7-Scenes (indoor) average error:

Method	Avg. Translation (cm) / Rotation (°)
PMNet	10/3.24
CoordiNet+LENS	9/3.07
RAP (SfM GT)	5/1.90
RAPref (SfM GT)	0.60/0.20

Ablation Study¶

Configuration	Translation (cm)↓	Rotation (°)↓	Note
I: VGG16 baseline	174	5.45	Baseline
II: EfficientNet-B0	103	4.64	Better features
III: +Pose augmentation	75	3.52	Novel views effective
IV: +Appearance augmentation	60	3.14	Appearance diversity effective
V: +Conv decoder	52	2.51	More parameters
VI: +Transformer	40	1.98	Long-range dependency
VII: +Discriminator	33	1.48	Domain gap bridged

Key Findings¶

MARS autonomous driving scene: Under challenges of dynamic objects, illumination variation, and motion blur, RAP achieves an average error of 28 cm/0.60°, substantially outperforming PoseNet at 121 cm/1.67°.
Aachen Day-Night: RAP reduces rotation error from 75.99° to 13.70°, demonstrating the critical role of appearance diversity under extreme illumination changes — while SCR methods such as ACE (104.50°) and GLACE (36.4°) fail in this scenario.
Generalization evaluation: On St.
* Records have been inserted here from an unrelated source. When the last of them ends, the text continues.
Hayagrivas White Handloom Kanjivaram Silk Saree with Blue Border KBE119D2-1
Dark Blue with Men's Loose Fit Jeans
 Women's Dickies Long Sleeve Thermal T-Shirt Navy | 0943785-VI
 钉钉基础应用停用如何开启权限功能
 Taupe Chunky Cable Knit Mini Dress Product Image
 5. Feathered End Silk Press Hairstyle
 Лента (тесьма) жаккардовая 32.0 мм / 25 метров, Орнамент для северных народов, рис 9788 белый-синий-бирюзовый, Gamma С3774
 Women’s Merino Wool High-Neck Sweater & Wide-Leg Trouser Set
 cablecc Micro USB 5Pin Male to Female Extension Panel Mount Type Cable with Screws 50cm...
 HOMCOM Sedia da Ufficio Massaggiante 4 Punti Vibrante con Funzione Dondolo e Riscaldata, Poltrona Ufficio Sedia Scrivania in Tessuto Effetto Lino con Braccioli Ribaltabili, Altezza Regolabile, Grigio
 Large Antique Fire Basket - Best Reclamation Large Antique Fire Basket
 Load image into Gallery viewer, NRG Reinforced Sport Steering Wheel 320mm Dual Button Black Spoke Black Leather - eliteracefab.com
George's Basilica, the model still produces reasonable pose predictions even for test regions completely unseen during training, suggesting that APR begins to exhibit generalization beyond simple memorization.
RAPref, combined with a single render-and-match refinement step, reduces indoor error to sub-centimeter level (0.60 cm/0.20°).

Highlights & Insights¶

Core Finding: The prior failure of appearance augmentation in APR was not due to the futility of appearance diversity, but rather because the training pipeline — lacking domain alignment — could not exploit synthetic data containing artifacts.
Elegant Use of Adversarial Training: Instead of using a GAN to generate images, a discriminator is employed to align feature spaces, encouraging the regressor to learn domain-invariant pose features.
This work challenges the prevailing view that "APR is merely doing image retrieval" — with sufficiently diverse synthetic data, APR can indeed perform interpolation and a degree of extrapolation on the SE(3) manifold.

Limitations & Future Work¶

Generalization on the SE(3) manifold has boundaries: when rotational perturbations are large (i.e., visual content changes entirely), the model still fails to generalize.
3DGS training without masking dynamic objects may introduce noise in highly dynamic scenes.
Hyperparameters of the progressive data synthesis strategy (perturbation range, synthesis frequency) require manual tuning for different scenes.
Extension of appearance augmentation to a broader range of environmental variations (e.g., seasonal changes, haze) remains unexplored.

DFNet and PMNet perform only pose augmentation; RAP additionally incorporates appearance augmentation and adversarial training, forming a complete "diverse data utilization" paradigm.
The appearance modeling concept from GS-W is repurposed as a data augmentation engine rather than for scene reconstruction per se.
The strategy of using an adversarial discriminator to bridge domain gaps is generalizable to other vision tasks trained on synthetic data.

Rating¶

Novelty: ⭐⭐⭐⭐ First effective application of adversarial training to bridge the synthetic-to-real domain gap in visual localization.
Experimental Thoroughness: ⭐⭐⭐⭐⭐ Four datasets (indoor/outdoor/driving/day-night) with comprehensive ablations and exploration of generalization boundaries.
Writing Quality: ⭐⭐⭐⭐ Motivation is clearly articulated; experimental design is convincing.
Value: ⭐⭐⭐⭐ Achieves substantial improvements in APR and redefines the role of data augmentation for this task.